• YOUR ASSIGNMENT:
Everything in the entries below except the pictures must be returned exactly.

** Opening RECORDS SUPPLIED block **

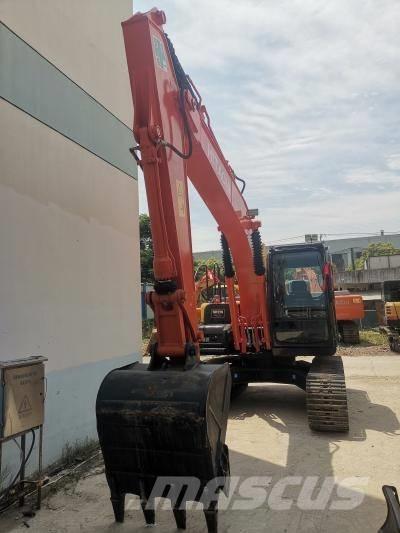 Hitachi Zaxis 120 Pásová rýpadla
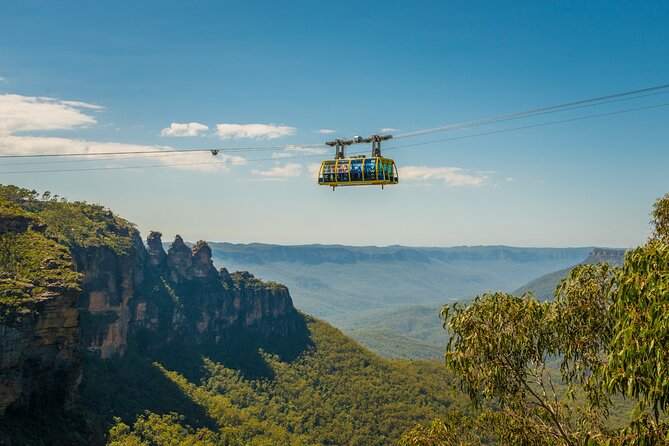 Blue Mountains Adventure w Scenic World, Zoo, Koala Photo & Ferry - The ferry ride is a smart finish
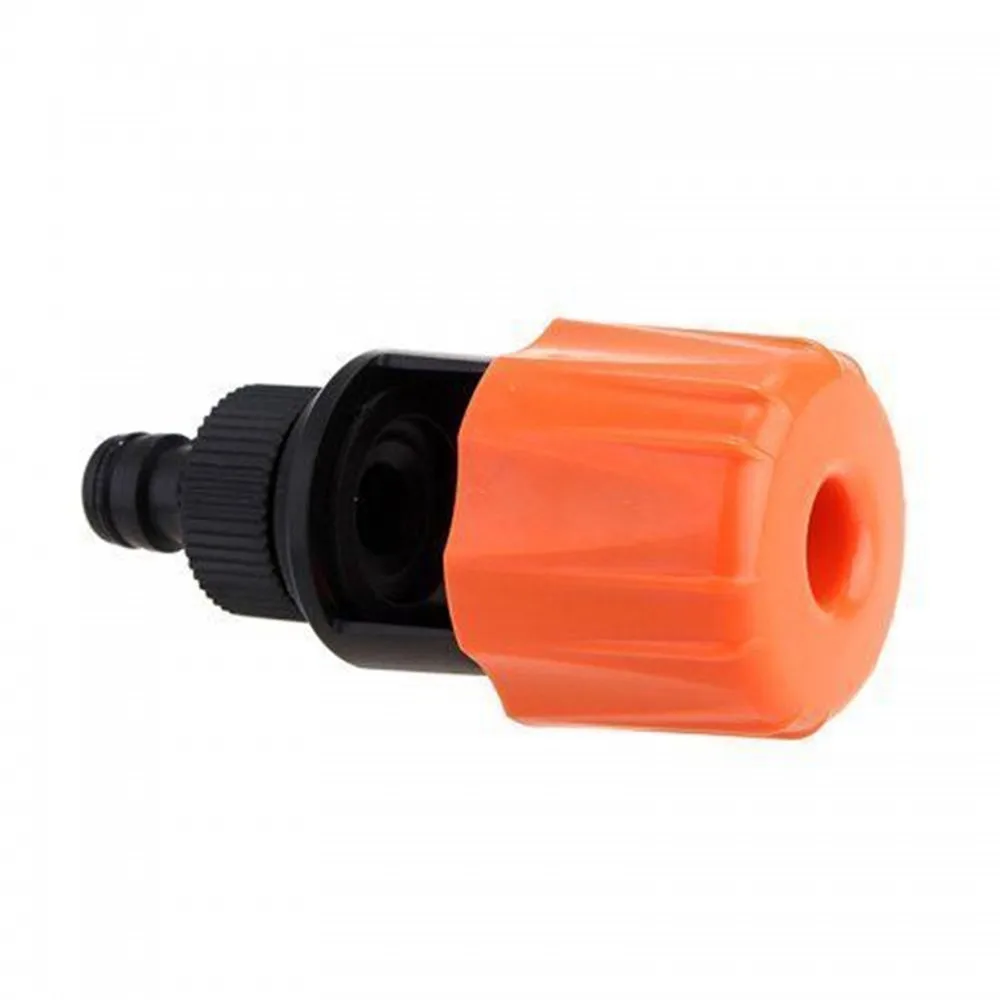 

Kitchen Garden Watering Tap To Hose Pipe Snap Connector Adaptor Tool Universal Tap Garden Hose Pipe Connector Mixer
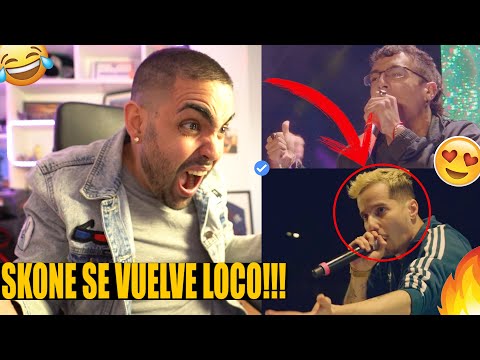 SKONE GANA a TEOREMA con UNA FRASE *BATALLÓN*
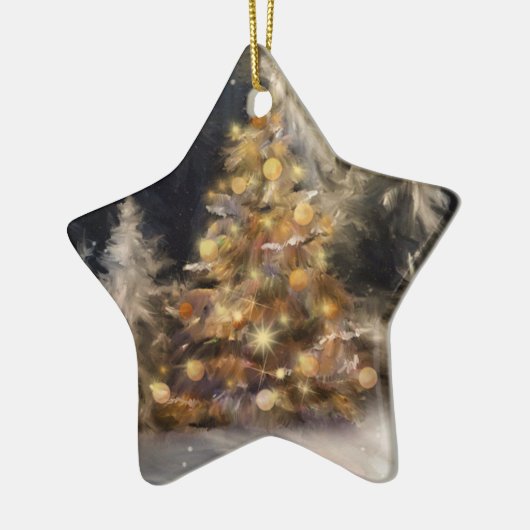 Eerste Kerstmis in het Ornament met whisky's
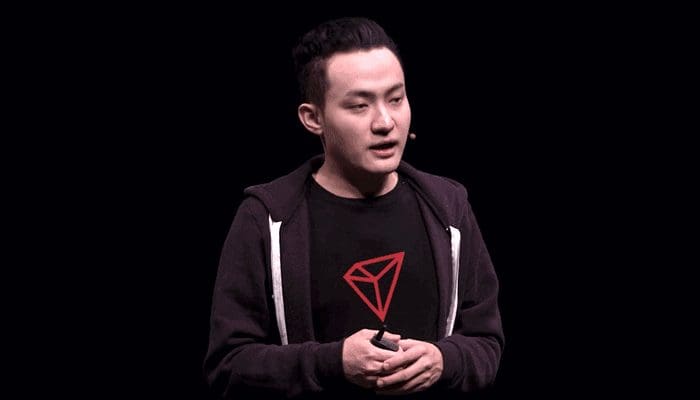justinsunceo-1 TRON CEO Justin Sun bespreekt BitTorrent token tijdens AMA-sessie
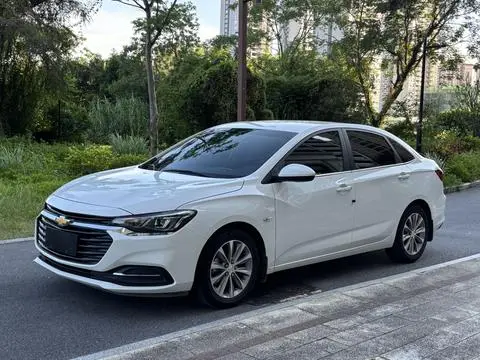 Chevrolet 科鲁泽 2022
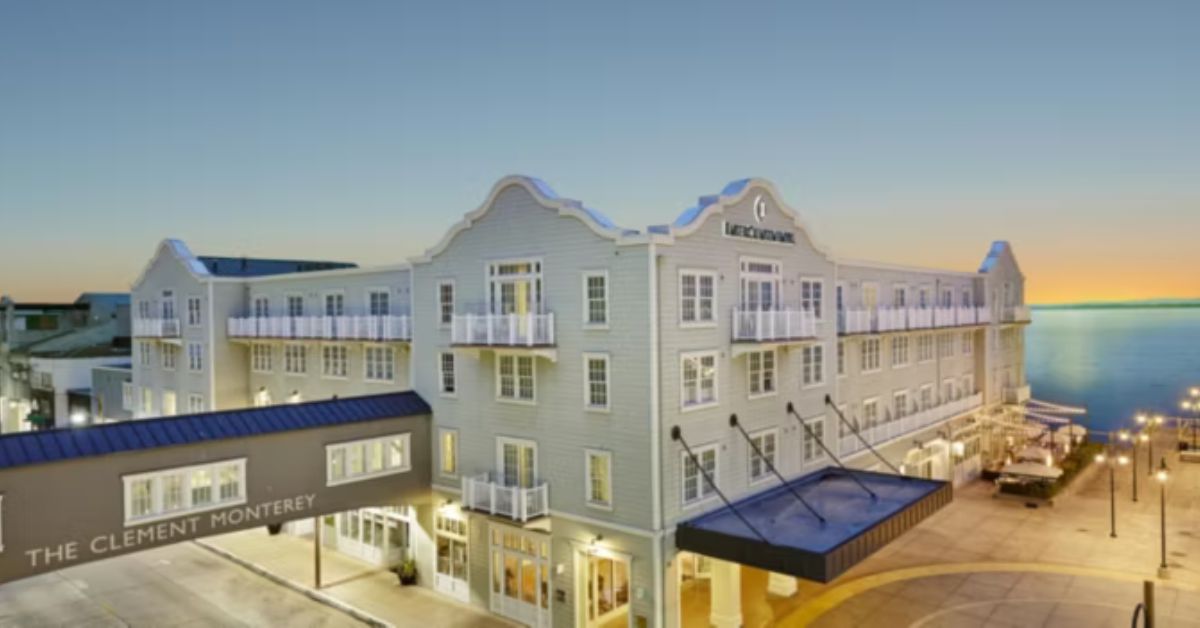 Location Location Location Prime Spots for Oceanfront Hotels in Rehoboth Beach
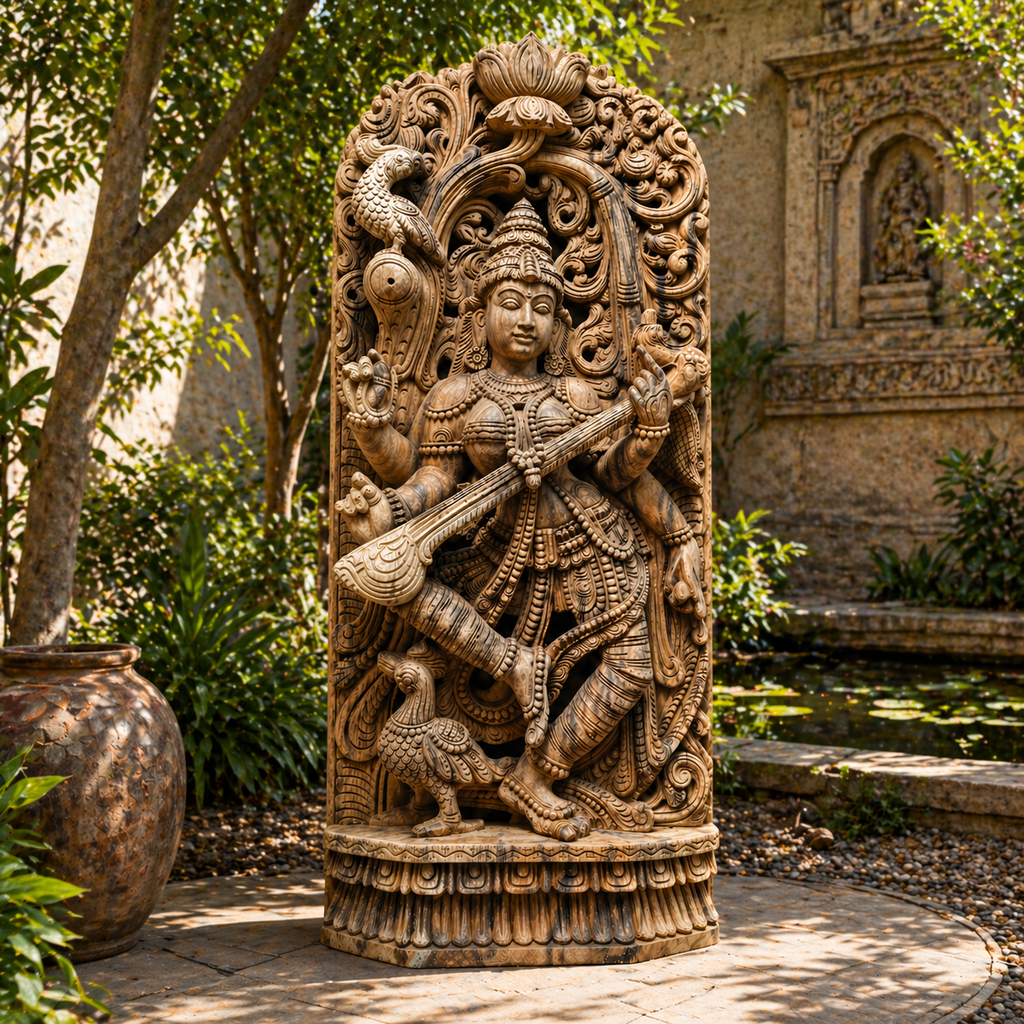 Madhavamala - Veena Saraswati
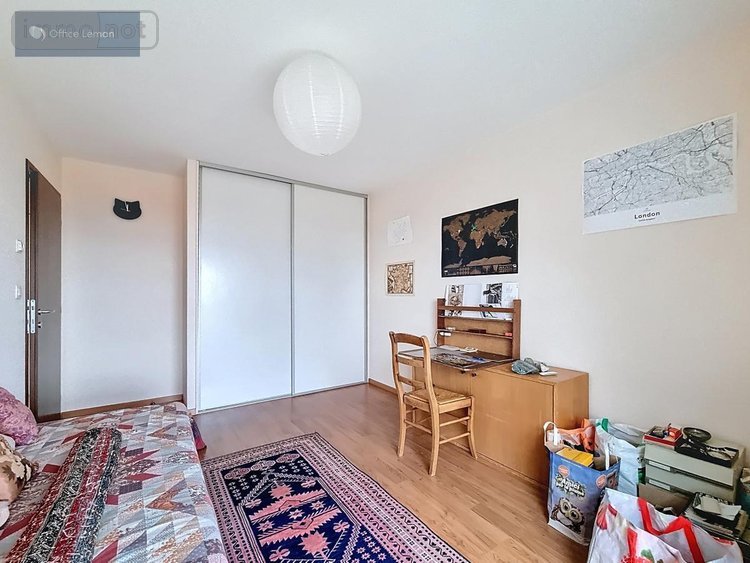 Appartement a vendre Challex 01630 Ain 69 m2 3 pièces 380000 euros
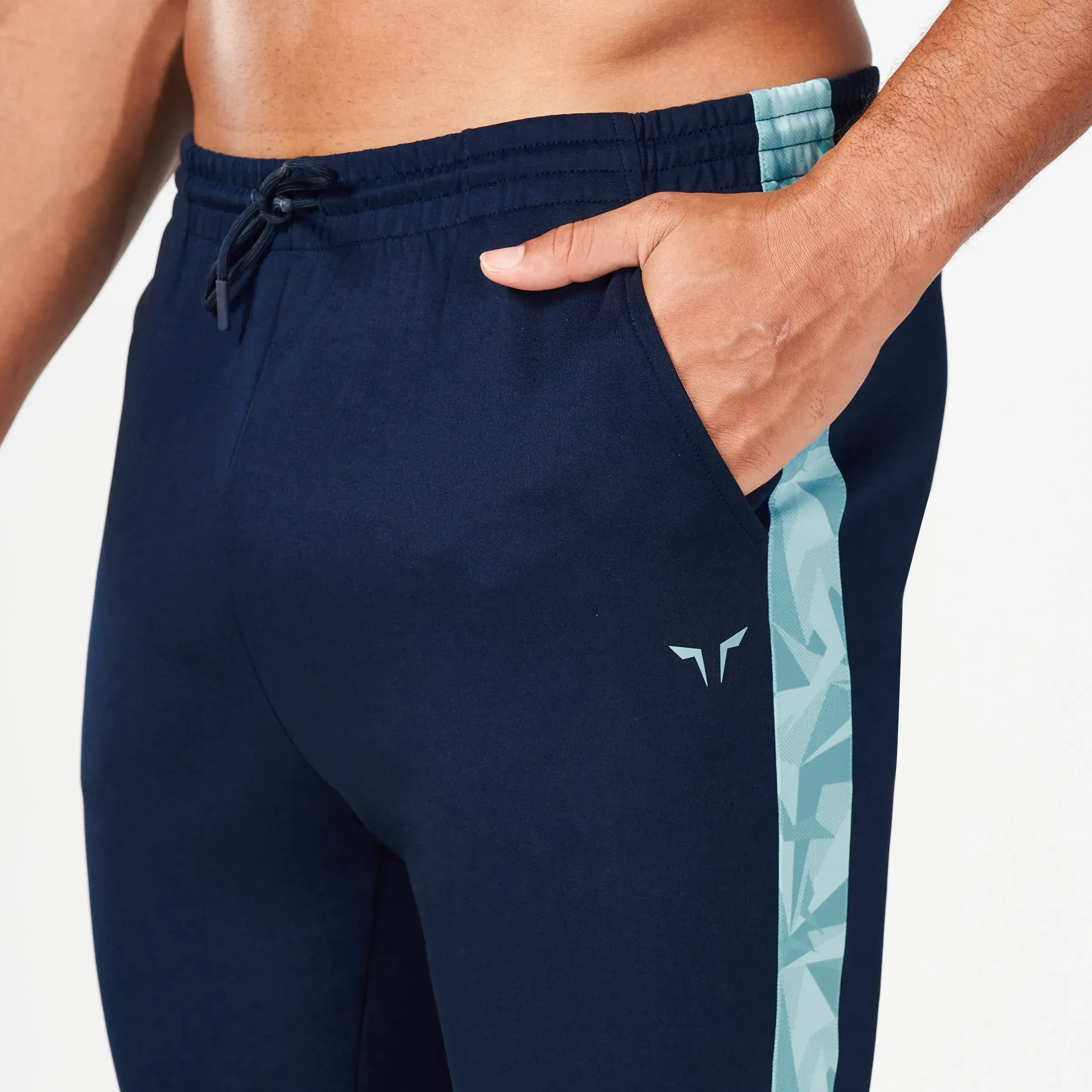 Active Tapered Pants Canal Blue Edition - Navy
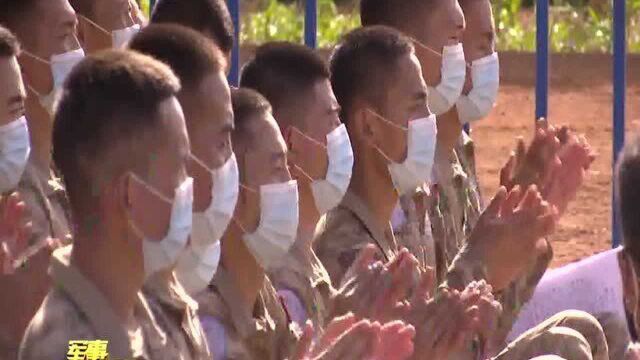 【探索构建新时代思想政治教育体系】自我教育添动力 万里维和不迷航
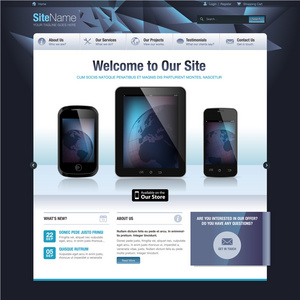 折衷风格在电子产品、素材与网页设计中的融合艺术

** Closing RECORDS SUPPLIED block **

• PROBLEM SOLUTION:
 Hitachi Zaxis 120 Pásová rýpadla
 Blue Mountains Adventure w Scenic World, Zoo, Koala Photo & Ferry - The ferry ride is a smart finish

Kitchen Garden Watering Tap To Hose Pipe Snap Connector Adaptor Tool Universal Tap Garden Hose Pipe Connector Mixer
 SKONE GANA a TEOREMA con UNA FRASE *BATALLÓN*
 Eerste Kerstmis in het Ornament met whisky's
justinsunceo-1 TRON CEO Justin Sun bespreekt BitTorrent token tijdens AMA-sessie
 Chevrolet 科鲁泽 2022
 Location Location Location Prime Spots for Oceanfront Hotels in Rehoboth Beach
 Madhavamala - Veena Saraswati
 Appartement a vendre Challex 01630 Ain 69 m2 3 pièces 380000 euros
 Active Tapered Pants Canal Blue Edition - Navy
 【探索构建新时代思想政治教育体系】自我教育添动力 万里维和不迷航
 折衷风格在电子产品、素材与网页设计中的融合艺术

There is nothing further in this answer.